In my last two posts I talked about moral relativism and absurdity. Both concepts seem to pose significant barriers to my central philosophical intuitions – namely my concept that both knowledge and ethics is a progressive activity with which we should be continuously engaged. In both of my previous posts I suggested I thought I might have a way around the challenge posed by relativism and absurdity. Today I’m going to present some of the ideas that I’ve been working on.
First I would like to summarize what I understand the challenges presented by relativism and absurdity to be.
Relativism challenges the idea of universal morality. Proponents of relativism argue that moral assertions are really just assertions of an individual or of a culture, and that these assertions can have no reality outside of their context (aka it can be true that Canadians think that stealing is wrong, but stealing itself cannot be wrong.) There are many subtleties to the matter – many relativists would say that things can be truly right or wrong within a culture, for example – but I think I’ve covered the essence of relativism’s challenge. This is a problem for me because I am forwarding a normative claim: that it is right or good in some sense to be epistemically and ethically humble.
Absurdity’s challenge is slightly different from that of relativism. What absurdity proposes is that we are meaning seeking creatures which are incapable of actually discerning whether meaning actually exists. We can make our own meaning (and existentialism often proscribes this as a response to absurdity), but its hard to get moral prescriptions out of this meaning-making activity.
So here’s what I’ve been thinking lately: perhaps many moral realists make a misstep in their arguments. I think the essence of moral realism’s goal is to say that there are better and worse actions. To this end, many moral realists (including myself in the past) have pointed out actions we consider unarguably wrong (The Holocaust, female circumcision, etc.), and tried to use these to support the reality of morality. The problem is that this approach is dogmatic – to the questioning relativist it can hold no sway because the relativist is unwilling to accede to the premise that the Holocaust is wrong in an objective way. The realist is proclaiming the Holocaust as objectively wrong, while saying that dissenting opinions on the matter are not relevant. The error, as I see it, is that realists are trying to find a grounding for morality that ignores the fact that it is us who is voicing the opinion.
All moral reflection is ultimately individual. There is always an [I] reflecting on how it should exert and direct its powers upon the world. Ethical reflection is both reflection and action – the [I] examines how it should act, but it also attempts to exert power over the actions of others. The [I], in other words, attempts to make others an extension of its own ethics. My core intuition is that I do not think that this precludes there being better and worse actions.
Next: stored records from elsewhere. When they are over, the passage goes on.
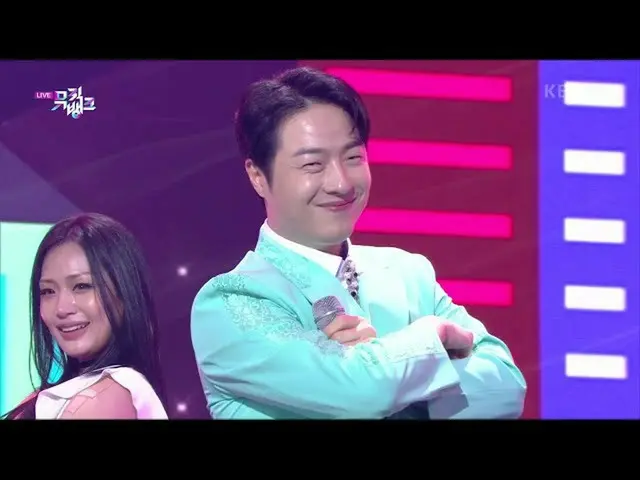 [Official kbk] SSONDA-An Sung Joon [MUSIC BANK_ /MUSIC BANK] | Disiarkan di KBS 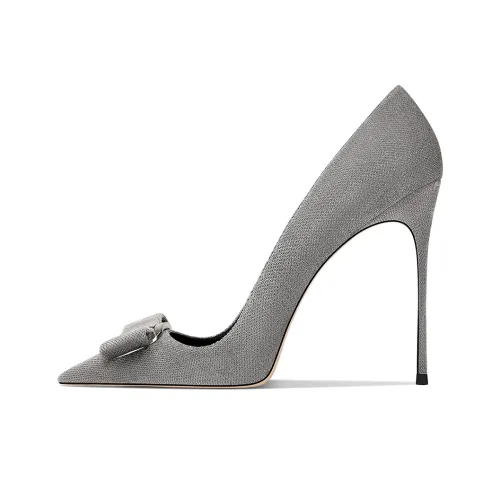 YUTIANAI Узкий каблук Высокие каблуки Женские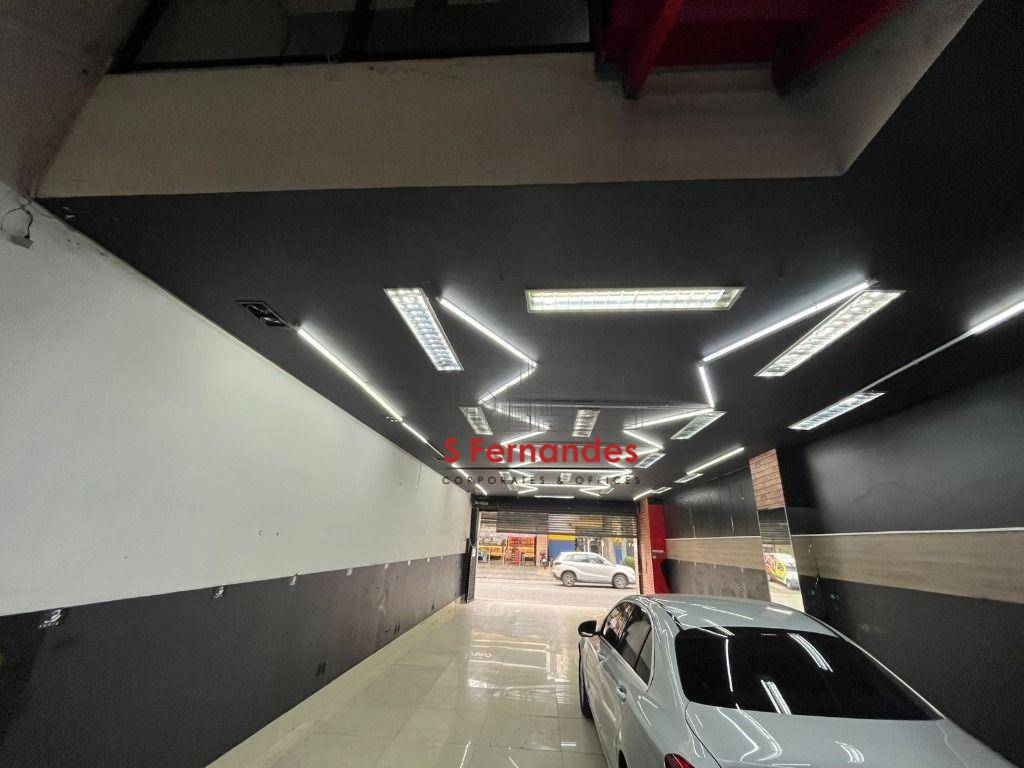 Loja-Salão para alugar, 240m² - Foto 39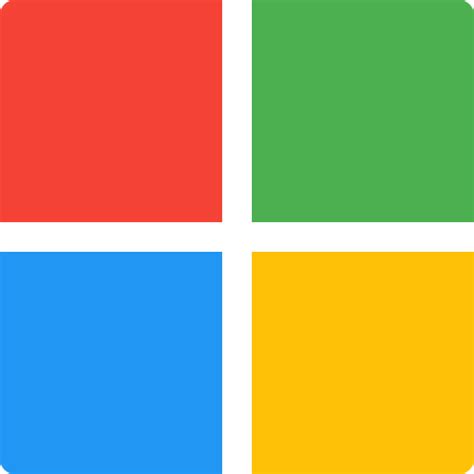 Microsoft Windows Logo - Free Vectors & PSDs to Download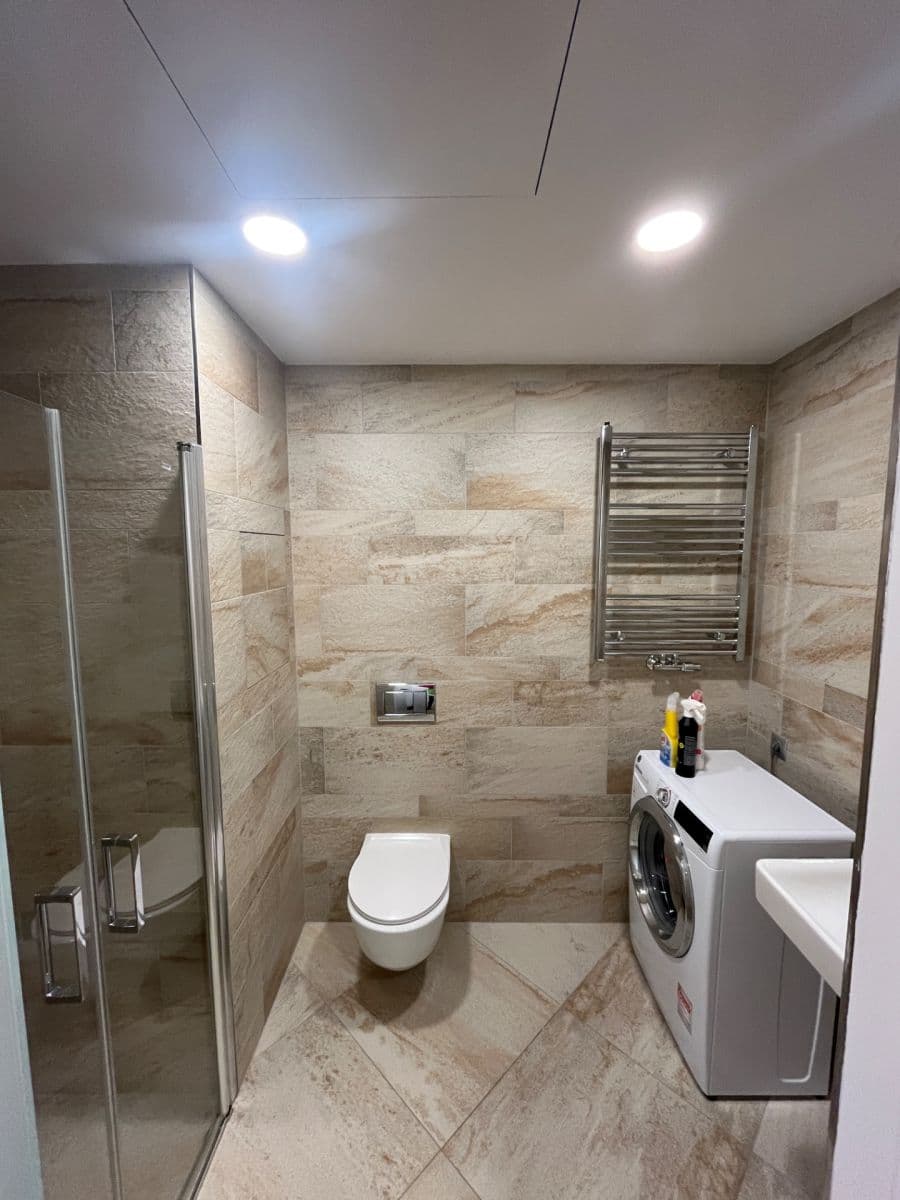 Pronájem bytu 1+kk 33 m², Kurta Konráda, Praha, Praha Pronájem bytu 1+kk 33 m², Kurta Konráda, Praha, Praha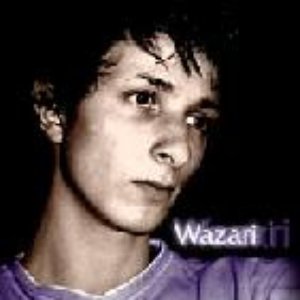 Image for 'Wazari'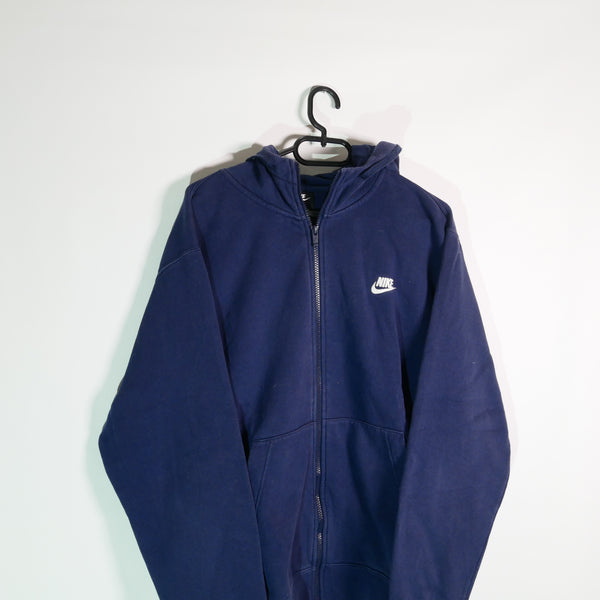 Vintage Nike Zip Jacket (L)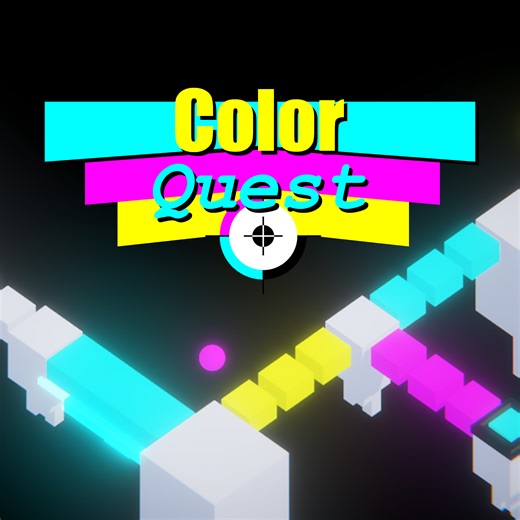 ColorQuest Playtest by Ex Nihilo Games, ThunderChief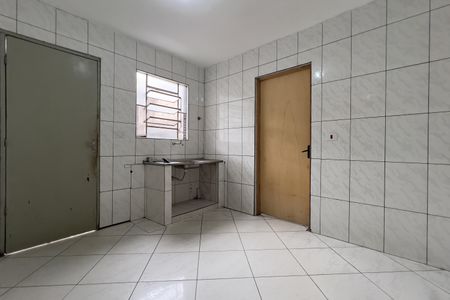 Casa para alugar com 60m², 1 quarto e sem vagaCozinha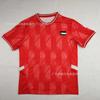 Palestinian Football Jersey 2425 Home Away Kit Adult Kids Soccer Shirt Breathable Sport Wear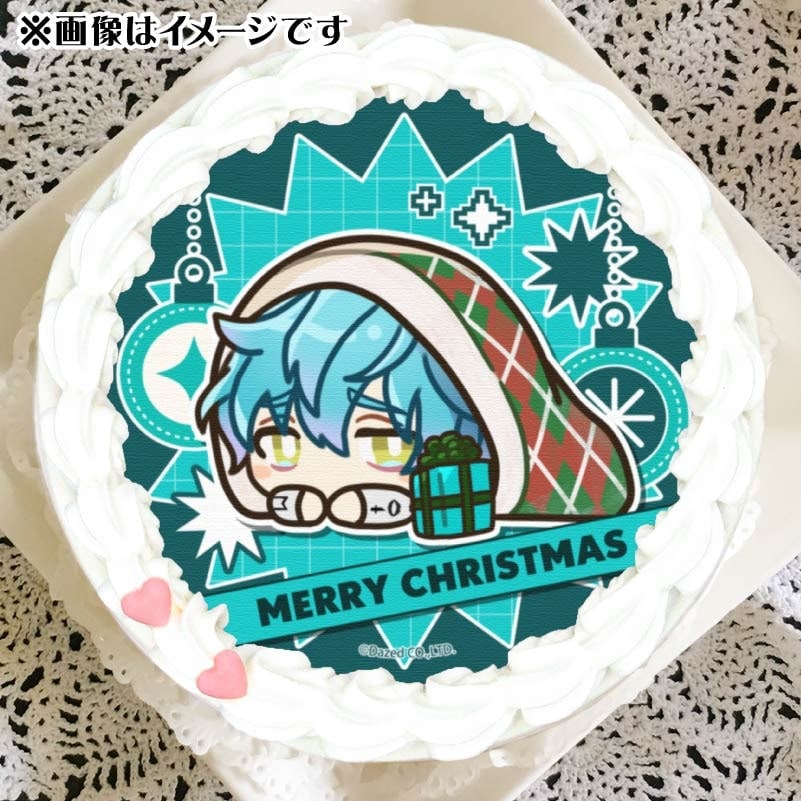 カリスマ Xmasプリケーキ2024 【特典缶バッジ付き】 | j-hobby Collection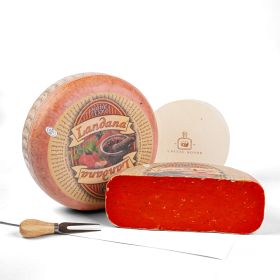 Landana Red Pesto Cheese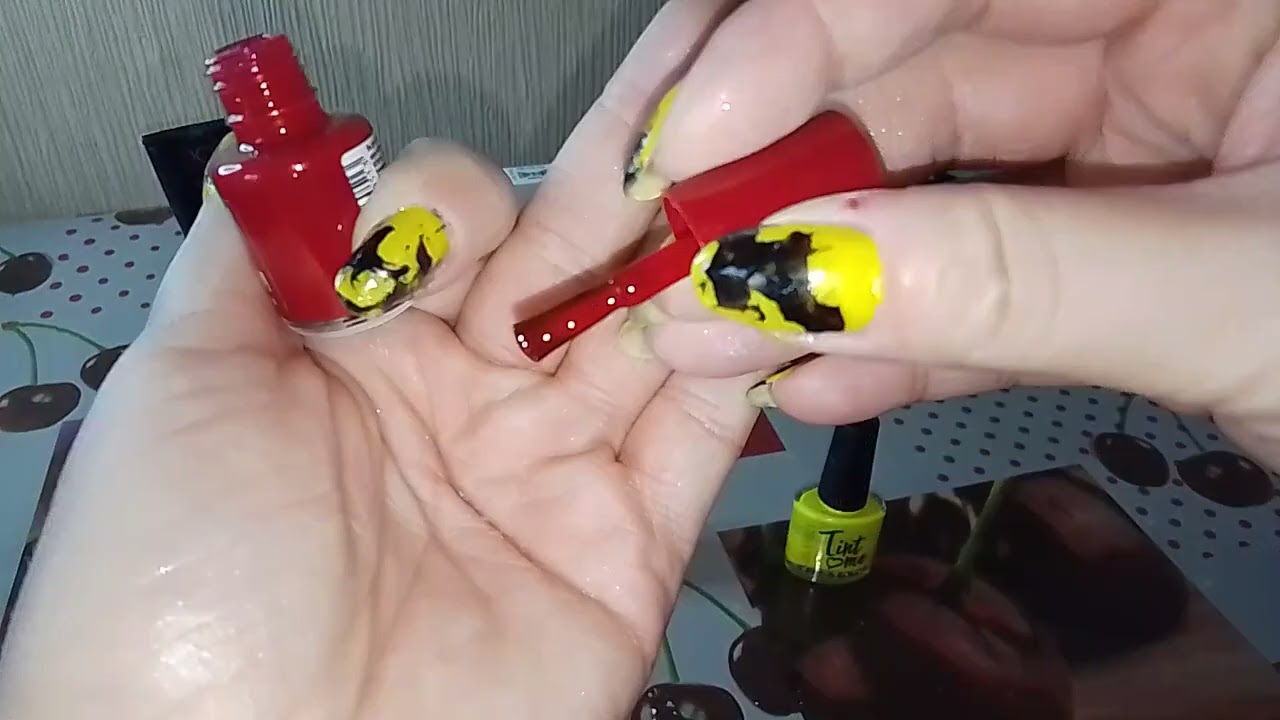 Косметичка на июль 24))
In one of my previous posts (Everything starts in ethics) I proposed that human existence is fundamentally ethical – that our world presents itself to us as an ethical question, and that our living is a continuous response to this question. To this I also would add my concept of freedom. You are free when you seize yourself ethically, when you place responsibility for your actions on yourself instead of the world around you. From this framework I think I find a basis for a kind of morality: right and wrong is a personal matter which encompasses our entire world. To free ourselves from the push and shove of the world is to engage in ethical activity and struggle with the question of how we think the world should be – how we should act, but also how we should push on others. Within this framework morality is legitimized as the fundamental essence of human nature. Being involved in the ethical project is not so much an imperative so much as existence – those who do not struggle with morality are not really individuals but merely conduits of their environment and circumstance.